To elucidate the mechanism of NHC-induced RNA mutagenesis, mutagenic RdRp–RNA complexes were prepared and analyzed by cryo-electron microscopy.² Specifically, M-containing RdRp–RNA complexes with G or A at the 3′ end of the strand were prepared to form RdRp–RNA structures bearing an M–G or M–A base-pair at position −1. The respective structures were solved to overall resolutions of 3.3 or 3.2 Å, while the active site was resolved to a resolution of ~2.9 Å, allowing the characterization of a post-translocation state with a free nucleoside triphosphate (NTP)-binding site at position +1. The conformations of protein and nucleic acid did not differ significantly between the two structures or from the corresponding conformations in the structures of RdRp complexed to wild-type or remdesivir-containing RNA. Modeling of M–A or M–G base pairs into the electron density at the −1 position suggested that the amino tautomer of NHC can mimic C to hydrogen-bond with G, while the imino tautomer can mimic U to hydrogen-bond with A.

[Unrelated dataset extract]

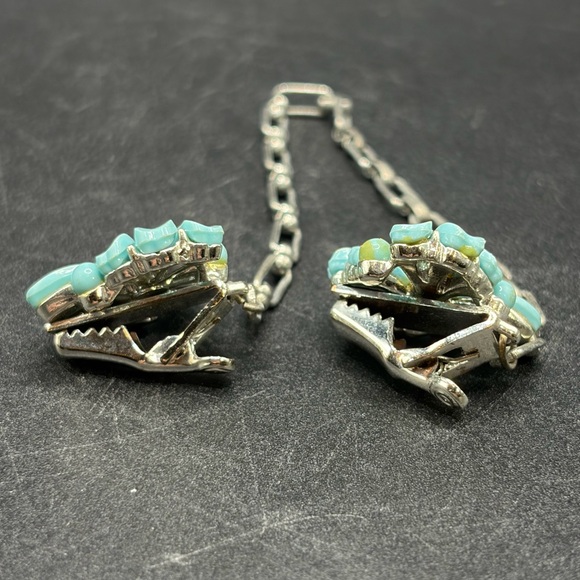 Vintage Blue & Silver Tone Metal Sweater Clip Jewelry Accessory Gift Accessories - Picture 9 of 9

Taken together, these experiments suggest a two-step mechanism in which molnupiravir induces SARS-CoV-2 RNA mutagenesis by forming stable M–G and M–A base pairs in the RdRp active site. So far, remdesivir, favipiravir, and molnupiravir are only approved NA drugs for the treatment of COVID-19, and all three can evade the ExoN proofreading function. Specifically, the incorporation of remdesivir allows the addition of three nucleotides and stalls RdRp through competitive inhibition, while favipiravir and molnupiravir participate RNA synthesis, inducing mutagenesis.⁴ Molnupiravir mimics the cytidines C and U, whereas favipiravir mimics the purines G and A to form non-canonical base pairs.³ Favipiravir has also been found to act against coronaviruses via other mechanisms, including non-obligate chain termination and slowing of RNA synthesis.³ By building on the known three-dimensional structure of SARS-CoV-2 RdRp,⁵ mechanistic studies of these drugs should contribute significantly to the discovery of promising drug candidates for SARS-CoV-2.

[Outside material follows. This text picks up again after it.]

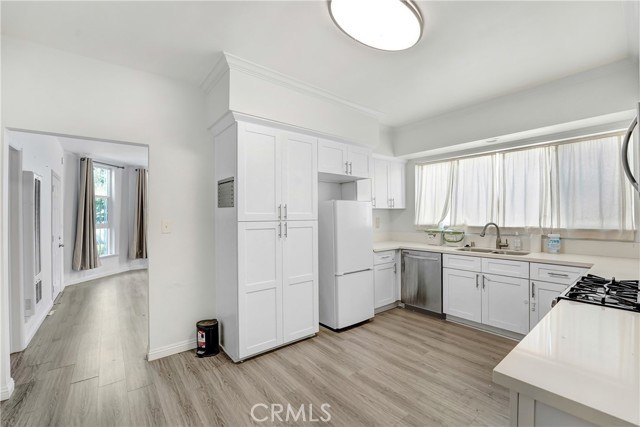 MLS #OC25240373 image #6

In summary, mechanism revealed in the currently discussed study by Höbartner and Cramer’s group may help explain and optimize drugs against the current and future coronavirus pandemics. At the same time, drugs that rely on inducing RNA mutations may exert genotoxic effects: molnupiravir-induced mutagenesis has been reported to occur in mammalian cells, indicating the possibility that molnupiravir and its similar drugs may fail due to mutagenic effects.⁵ Therefore, future studies should assess the potential long-term genotoxic side effects of molnupiravir. Future work should also explore the clinical efficacy of molnupiravir against COVID-19, especially in light of new SARS-CoV-2 variants, even though it has been proven effective against several variants in vivo.